Pokok-pokok usul perubahan kelima ini, antara lain: memperkuat sistem presidensial, memperkuat lembaga perwakilan, memperkuat otonomi daerah, calon presiden perseorangan, pemilihan Pemilu nasional dan Pemilu local, forum previlegiatum (memberikan kepastian hokum dengan segera), optimalisasi peran Mahkamah Konstitusi, penambahan pasal Hak Asasi Manusia (HAM), penambahan bab komisi Negara, serta penajaman bab tentang pendidikan dan perekonomian.
Faktanya UUD 1945 sudah berjalan. DPD terus menggulirkan usul perubahan kelima ini. Rencana amandemen kelima untuk mengevaluasi dari apa yang sudah terjadi. Sebenarnya untuk mengubah UUD 1945 tidak sulit justru menurunkan presiden jauh lebih susah daripada mengubah UUD 1945. Dr Bambang Wibawarta S.S, M.A (Dekan FIB UI) menjelaskan keberkaitan sosialisasi empat pilar dengan peran kontitusi dalam melestarikan budaya dan karakter bangsa. Pada pembukaan UUD 1945 bahwa tanggungjawab Indonesia meliputi ke dalam dan kepada negara-negara internasional (ke luar). Kedua tanggungjawab tersebut harus dilaksanakan dengan baik.
Empat pilar yang dimaksud yaitu Pancasila, UUD 1945, NKRI, dan Bhineka Tunggal Ika yang memiliki nilai-nilai luhur, kini telah hilang disebabkan adanya penyempitan budaya. Masalah tersebut mengacu pada karakter bangsa. Seharusnya ada penambahan satu lagi dalam pilar itu, tentunya bahasa Indonesia sebagai bahasa persatuan sehingga menjadi lima pilar. Pilar-pilar bangsa menjadi fungsi kebudayaan yang mengikat kebangsaan secara keseluruhan. Runtuhnya pilar-pilardisebabkan penetrasi budaya terutama arus globalisasi yang begitu hebat dan lebih pragmatis sehingga bisa menimbulkan konflik.
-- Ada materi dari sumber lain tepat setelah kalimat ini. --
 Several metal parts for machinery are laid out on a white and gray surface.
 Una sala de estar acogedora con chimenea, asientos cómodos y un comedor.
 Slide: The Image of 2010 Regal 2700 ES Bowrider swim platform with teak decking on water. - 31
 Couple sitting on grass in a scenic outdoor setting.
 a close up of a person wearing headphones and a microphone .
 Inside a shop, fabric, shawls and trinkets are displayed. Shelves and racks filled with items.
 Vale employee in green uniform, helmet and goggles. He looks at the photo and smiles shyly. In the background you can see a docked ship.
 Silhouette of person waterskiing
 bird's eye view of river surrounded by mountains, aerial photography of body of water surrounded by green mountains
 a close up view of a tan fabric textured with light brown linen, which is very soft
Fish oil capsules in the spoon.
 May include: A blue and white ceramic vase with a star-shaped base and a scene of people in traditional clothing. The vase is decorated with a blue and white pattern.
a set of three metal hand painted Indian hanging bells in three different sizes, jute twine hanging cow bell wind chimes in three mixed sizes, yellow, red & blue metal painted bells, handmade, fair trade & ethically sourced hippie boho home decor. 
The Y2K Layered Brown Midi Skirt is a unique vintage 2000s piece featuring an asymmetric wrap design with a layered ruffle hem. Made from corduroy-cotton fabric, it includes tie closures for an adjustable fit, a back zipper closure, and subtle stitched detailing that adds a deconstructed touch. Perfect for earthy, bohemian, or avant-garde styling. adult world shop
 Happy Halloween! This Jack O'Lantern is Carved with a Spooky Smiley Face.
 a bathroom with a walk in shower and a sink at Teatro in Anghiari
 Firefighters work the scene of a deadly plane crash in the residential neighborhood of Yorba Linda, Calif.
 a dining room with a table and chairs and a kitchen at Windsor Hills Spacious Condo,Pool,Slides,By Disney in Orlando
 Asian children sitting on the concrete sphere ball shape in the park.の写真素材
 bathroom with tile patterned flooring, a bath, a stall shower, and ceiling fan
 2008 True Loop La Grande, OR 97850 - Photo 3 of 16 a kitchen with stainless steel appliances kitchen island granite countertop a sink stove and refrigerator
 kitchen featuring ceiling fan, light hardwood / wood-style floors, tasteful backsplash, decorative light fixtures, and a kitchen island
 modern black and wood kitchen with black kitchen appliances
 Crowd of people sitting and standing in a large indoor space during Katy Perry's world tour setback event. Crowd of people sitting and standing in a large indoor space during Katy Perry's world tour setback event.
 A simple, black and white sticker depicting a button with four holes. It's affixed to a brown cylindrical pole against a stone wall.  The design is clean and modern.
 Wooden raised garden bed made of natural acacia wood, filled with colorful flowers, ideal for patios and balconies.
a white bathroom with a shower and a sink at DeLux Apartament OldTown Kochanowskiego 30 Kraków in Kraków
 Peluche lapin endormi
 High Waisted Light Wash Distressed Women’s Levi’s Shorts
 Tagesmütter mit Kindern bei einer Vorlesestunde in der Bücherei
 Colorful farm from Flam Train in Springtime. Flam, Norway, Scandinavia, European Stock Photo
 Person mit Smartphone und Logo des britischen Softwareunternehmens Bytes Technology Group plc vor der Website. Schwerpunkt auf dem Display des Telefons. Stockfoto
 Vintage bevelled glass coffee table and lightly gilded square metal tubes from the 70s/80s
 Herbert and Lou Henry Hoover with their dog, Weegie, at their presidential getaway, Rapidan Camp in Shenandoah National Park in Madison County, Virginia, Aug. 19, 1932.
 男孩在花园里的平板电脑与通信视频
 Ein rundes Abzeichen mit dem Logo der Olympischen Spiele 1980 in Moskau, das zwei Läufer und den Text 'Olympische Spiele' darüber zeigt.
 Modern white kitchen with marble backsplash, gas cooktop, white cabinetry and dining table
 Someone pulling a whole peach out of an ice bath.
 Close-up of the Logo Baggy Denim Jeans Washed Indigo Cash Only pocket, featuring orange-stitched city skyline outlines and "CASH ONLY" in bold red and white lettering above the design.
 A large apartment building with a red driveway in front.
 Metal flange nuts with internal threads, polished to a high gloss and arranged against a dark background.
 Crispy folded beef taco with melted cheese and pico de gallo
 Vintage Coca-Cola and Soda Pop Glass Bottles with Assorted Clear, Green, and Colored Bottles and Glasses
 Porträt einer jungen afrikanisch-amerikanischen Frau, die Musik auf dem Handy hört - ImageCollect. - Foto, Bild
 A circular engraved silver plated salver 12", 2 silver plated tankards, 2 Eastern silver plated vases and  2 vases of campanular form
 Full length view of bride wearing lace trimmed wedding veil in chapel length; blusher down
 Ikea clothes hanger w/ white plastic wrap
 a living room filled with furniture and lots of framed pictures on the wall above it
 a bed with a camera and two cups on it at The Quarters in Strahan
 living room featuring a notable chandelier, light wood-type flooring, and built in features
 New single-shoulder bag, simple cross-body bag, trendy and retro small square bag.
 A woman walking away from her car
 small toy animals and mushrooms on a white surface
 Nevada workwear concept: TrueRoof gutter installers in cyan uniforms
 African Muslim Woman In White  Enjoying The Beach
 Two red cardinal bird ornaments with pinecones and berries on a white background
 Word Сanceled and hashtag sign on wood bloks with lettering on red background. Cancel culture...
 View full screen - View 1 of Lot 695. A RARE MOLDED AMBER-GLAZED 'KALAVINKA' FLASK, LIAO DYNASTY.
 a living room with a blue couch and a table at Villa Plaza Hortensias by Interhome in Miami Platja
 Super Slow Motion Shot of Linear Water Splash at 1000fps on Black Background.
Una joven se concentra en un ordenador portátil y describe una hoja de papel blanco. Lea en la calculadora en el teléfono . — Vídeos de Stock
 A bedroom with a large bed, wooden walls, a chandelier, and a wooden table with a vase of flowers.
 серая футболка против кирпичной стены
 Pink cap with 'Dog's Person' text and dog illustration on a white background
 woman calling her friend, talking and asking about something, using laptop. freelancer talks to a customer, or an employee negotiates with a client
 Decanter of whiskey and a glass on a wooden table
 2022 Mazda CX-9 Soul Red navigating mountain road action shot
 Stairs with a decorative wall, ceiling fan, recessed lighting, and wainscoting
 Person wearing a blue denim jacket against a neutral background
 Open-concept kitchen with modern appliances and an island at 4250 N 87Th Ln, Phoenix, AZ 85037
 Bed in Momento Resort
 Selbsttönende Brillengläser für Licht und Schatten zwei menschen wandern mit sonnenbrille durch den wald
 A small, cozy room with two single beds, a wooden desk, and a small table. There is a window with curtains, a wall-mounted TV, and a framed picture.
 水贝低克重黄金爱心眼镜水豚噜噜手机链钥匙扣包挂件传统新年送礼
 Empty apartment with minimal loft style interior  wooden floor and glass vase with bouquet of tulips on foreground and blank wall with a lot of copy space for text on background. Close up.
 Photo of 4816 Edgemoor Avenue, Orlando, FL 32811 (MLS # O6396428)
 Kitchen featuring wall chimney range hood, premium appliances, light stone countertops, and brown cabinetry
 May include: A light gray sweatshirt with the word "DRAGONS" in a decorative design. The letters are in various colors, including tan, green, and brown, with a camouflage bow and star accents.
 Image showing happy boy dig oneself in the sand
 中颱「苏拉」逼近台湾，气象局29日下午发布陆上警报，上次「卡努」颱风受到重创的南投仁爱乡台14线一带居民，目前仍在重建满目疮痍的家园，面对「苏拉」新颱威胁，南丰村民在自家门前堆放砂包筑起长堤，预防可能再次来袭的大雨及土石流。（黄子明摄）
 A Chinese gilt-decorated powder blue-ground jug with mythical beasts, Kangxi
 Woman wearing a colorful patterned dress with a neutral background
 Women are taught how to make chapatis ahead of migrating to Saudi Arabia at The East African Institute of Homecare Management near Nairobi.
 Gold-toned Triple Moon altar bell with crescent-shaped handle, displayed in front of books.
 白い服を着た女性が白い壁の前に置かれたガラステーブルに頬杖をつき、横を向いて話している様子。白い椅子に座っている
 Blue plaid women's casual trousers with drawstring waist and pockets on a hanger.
Solusi yang mampu menyelesaikan persoalan di atas, yaitu budaya sebagai banding power. Budaya mempunyai diplomasi disebut diplomasi budaya yang memiliki keberkaitan pada ekonomi pasal 33 UUD 1945. Selain itu, dapat menginspirasi pelbagai bidang, seperti bidang politik, hukum, dan lain-lain. Amandemen kelima UUD 1945 perlu dilengkapi dengan masalah budaya sehingga turunannya dapat lahir Undang-Undang Kebudayaan.
Internalisasi cara budaya. Kita tidak memiliki strategi kebudayaan sehingga permasalahan pokok pun mudah saja mengobati. Ke depannya harus ada strategi kebudayaan. Kita belum mempunyai kebudayaan komprehensif yang mengakibatkan nilai-nilai luhur tidak ada. Pengelolaan pendidikan sebaiknya masuk kurikulum. Pemetaan potensi budaya yang dikembangkan perlu ada, kalau tidak begitu hanya dikelola dengan “oh, iya” saja sehingga bila tidak dikelola dengan baik, maka menyimpang dari konstitusi yang telah ditetapkan sebab potensi tersebut tidak dimanfaatkan dengan baik untuk kepentingan rakyat.